DNSCHanger Malware Removal – Notes Show All (Internet goes dark March 8)

DNSCHanger Malware Removal – Notes Show All (Internet goes dark March 8)

BELOW IS MOST OF WHAT THE AVIRA TOOL IS DOING WITH A CLICK ….

Tool available for those affected by the DNS-Changer
http://www.avira.com/en/support-for-home-knowledgebase-detail/kbid/1199

The Truth About the March 8 Internet Doomsday
http://www.pcworld.com/article/250296/the_truth_about_the_march_8_internet_doomsday.html#tk.nl_spx_t_cbintro

US-CERT Current Activity – DNSChanger Malware
http://www.us-cert.gov/current/index.html
http://www.us-cert.gov/current/index.html#operation_ghost_click_malware

Hi all….. one area that is common with this area of malware changes is malware getting into the PC and changing “Hosts Files” for a redirect usually to more malicious websites for nefarious reasons. There are more key words for search such as “IP Spoofing” and “DNS Cache Poisoning” ….

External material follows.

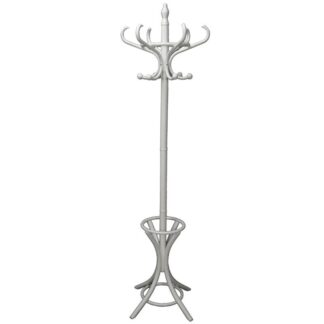 Perchero De Pie Madera Blanca Ø53x186cm,madera:abedul/álamo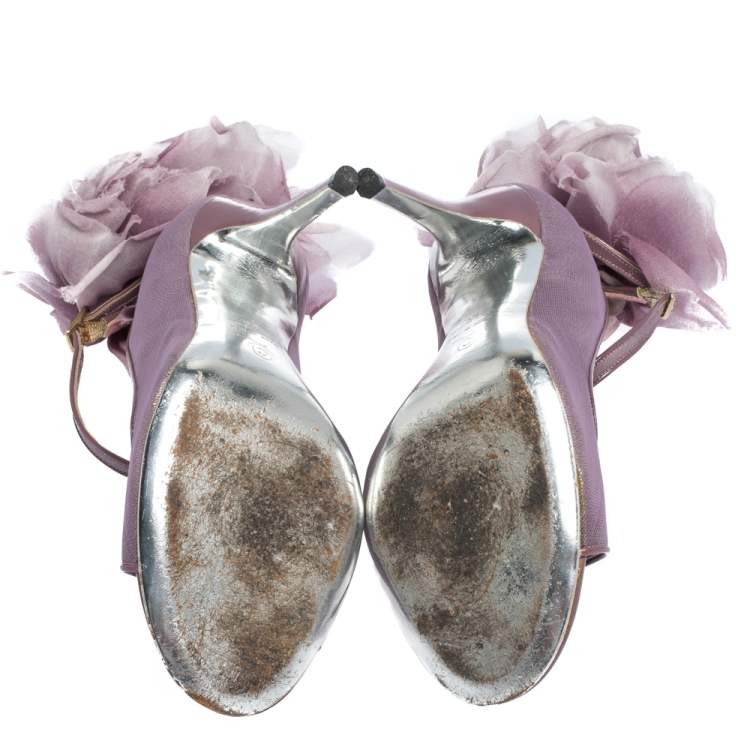 Pre Owned Alexander McQueen Purple Mesh And Patent Leather Trim Floral Embellished Peep-Toe Ankle Strap Pumps Size 38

http://www.webopedia.com/TERM/I/IP_spoofing.html
http://en.wikipedia.org/wiki/DNS_cache_poisoning

This is off the cuff but from years of experience with the “badware” as it is sometimes called for a universal term covering all and all they do. I am throwing an educated guess at the payload involved and may even involve some variants or residuals on individual basis per handfuls here and there of hundreds to thousands of personal computers. A Botherder or Botmaster is a Command and Control console type arrangement the culprit (s ) runs and attempts clandestine contact to infected computers that can go into the millions – but to partially set some aside to test out how their malware payload is holding up against detection. They may have purposely infected the handfuls with variants of the payload in an attempt to resurrect the whole episode all over again. They (cyber criminals) have become very, very sophisticated anymore. Any phrase like “doomsday” today can actually be no exaggeration anymore.

The measures taken here by the FBI et al are unprecedented and on the scale of “State Sanctioned”. It has been obviously a measure not only to attempt correction and for protection of all infected computers and their users private data – but to keep internet commerce itself alive, as the loss of millions would obviously have a large effect.

I admittedly only perform some amateur forensics and would need probably days upon days upon days to do a write up for full manual removal and correction of an affected system. I most likely could find the actual payload, as there are handfuls of company online search engines for just that. But, if one has a little savvy and wants to attempt further manual removal of the malware to avoid cost at a PC Repair Shop – here are some tips. Mind you, in this case a Shop will obviously advise to reinstall Windows after completely wiping (erasing) the disk first – a common automatic procedure with a Windows CD/DVD or if you have made an Emergency CD Repair CD/DVD. (I would advise do NOT hit “Repair” but go ahead and back up all files first you wish to save and the completely reinstall Windows and THEN also scan the backed up files for malware before reinstalling to the PC now in Factory Fresh condition. )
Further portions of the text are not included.